In this example implementation, and with simultaneous reference to FIGS. 1 and 4, the control logic 129 receives an opcode instruction provided by the processor 110 at the command interface 137 while computations involving the MMA 120 are active. The opcode instruction defines a matrix multiplication operation where computations involving the MMA 120 are active. Accordingly, this example implementation does not involve the MMA 120 transitioning between active cycles and idle cycles.

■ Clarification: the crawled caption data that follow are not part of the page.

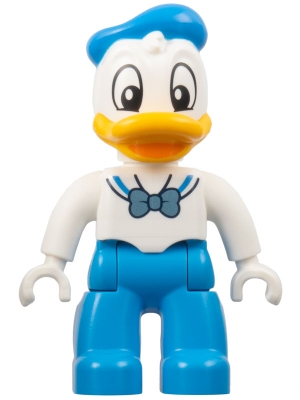 Duplo Figure Lego Ville, Donald Duck, Dark Azure Legs and Hat, White Shirt with Metallic Light Blue Bow &#40;6438668&#41;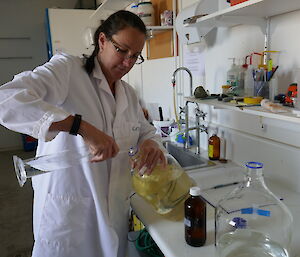 A woman working in a laboratory.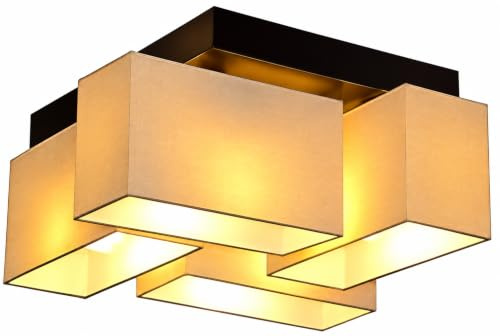 Deckenleuchte Creme E14 – Elegante Deckenlampe mit dekorativem Design, einfache Montage, 4-flammig B4D-C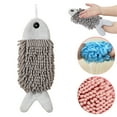 thumbnail image 2 of Towel Cute Fish Shaped Hand Towels Absorbent Microfiber Coral Fleece Bathroom Kitchen Towels with Hanging Loop Lint Free Home Decor, A Hand Towel, 2 of 8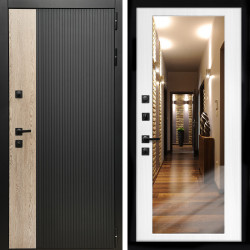 Входная дверь Престиж + Зеркало беленый дуб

The buffer controller 125 can be configured to include and/or manage memory having a two-stage pipeline structure including buffers for storing architectural operands provided by the input data formatter 121 and for storing results data provided by the matrix multiplier array 127. The buffer controller 125 may also include additional circuitry, such as circuitry to manage the buffers shown in FIG. 4, although FIG. 4 does not expressly show such circuitry. The two-stage pipeline structure can include a foreground and a background, as shown in FIG. 4. The foreground and background are constructs. As described below, and as shown in FIG. 4, mathematical operations occur in the foreground, and preparations for foreground operations occur in the background. Stated another way, the matrix multiplier array 127 can execute operations on data stored in the foreground of the two-stage pipeline structure. The buffer controller 125 can use the background of the two-stage pipeline structure for data transfer operations.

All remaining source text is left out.